Gbagbo is now being brought before the International Criminal Court in The Hague, for crimes allegedly committed by his government after the 2010 presidential elections. While Outtara has promised punishment of guilty parties “in every camp,” none of his own partisans have been arrested.
Gbagbo is the first former head of state to be tried by the ICC, but belongs to a long line of former stooges of the imperialist powers who are deposed on “humanitarian” grounds after outliving their usefulness. America and France have now turned to Outtara and the legislative elections to safeguard their interests.
Only 36.5 percent of the country’s 5.7 million registered voters turned out in to vote in the December 11 elections, which were little more than window dressing for the rule of French—and behind it, US—imperialism. Outtara’s Rally of Republicans (RDR) took an absolute majority with 127 seats, while the Ivory Coast Democratic Party (PDCI) of former president Henri Konan Bedie received 77.
Gbagbo’s Ivorian Popular Front (FPI) boycotted the elections.
The Ivorian legislature has just one house, to which deputies are supposed to be elected every five years. However, no legislative elections had been held since 2000, under conditions of civil war and rebellion in the north of the country.
The Ivorian Constitution, in effect since August 2000, gives the Assembly a list of powers common in bourgeois democracies—the authority to establish rules for issuing money, laws governing national and local elections, policies on teaching and scientific research, laws governing union and property rights, and organization of national defense.
However, it also gives the country’s president authority to temporarily enact by “ordinance” laws that he cannot get passed in the Assembly. He can impose a national budget through this means if the Assembly does not pass one within 70 days of its introduction.
Having won a majority in the Assembly, Outtara will be able to keep up a democratic facade without having to resort to such measures. A former deputy managing director of the International Monetary Fund, he is well known and closely tied to global finance capital.
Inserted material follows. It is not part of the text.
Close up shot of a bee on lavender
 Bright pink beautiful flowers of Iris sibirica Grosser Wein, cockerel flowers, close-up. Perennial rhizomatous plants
The French daily Liberation reported that the RDR’s victory is likely to increase tensions between it and the older Democratic Party of Ivory Coast (PDCI). The RDR originally split from the PDCI in November 1994, but made a pact with it last year that the PDCI would get the prime ministership in the event of an RDR win. Instead, Outtara has retained Guillaume Soro, a former rebel in the north of the country, as his PM.
Liberation quoted a Burkinabe observer who described Outtara and Soro as “accomplices,” who work together so that “Outtara assures the resumption of economic activity, and Soro takes care of reforming the army and security.”
Under Gbagbo, who had close ties to the French Socialist Party and the social-democratic Socialist International, the interests of global finance capital were well represented in the country. A May 2007 US diplomatic cable released by WikiLeaks noted that Ivory Coast had lowered its corporate tax rate from 35 percent to 27 percent the previous year. The cable enthused that “the government does not use tax, labor, environment, or health and safety laws to impede or distort investment” and that it “actively encourages foreign investment through mergers, acquisitions, joint ventures, takeovers, or startups.”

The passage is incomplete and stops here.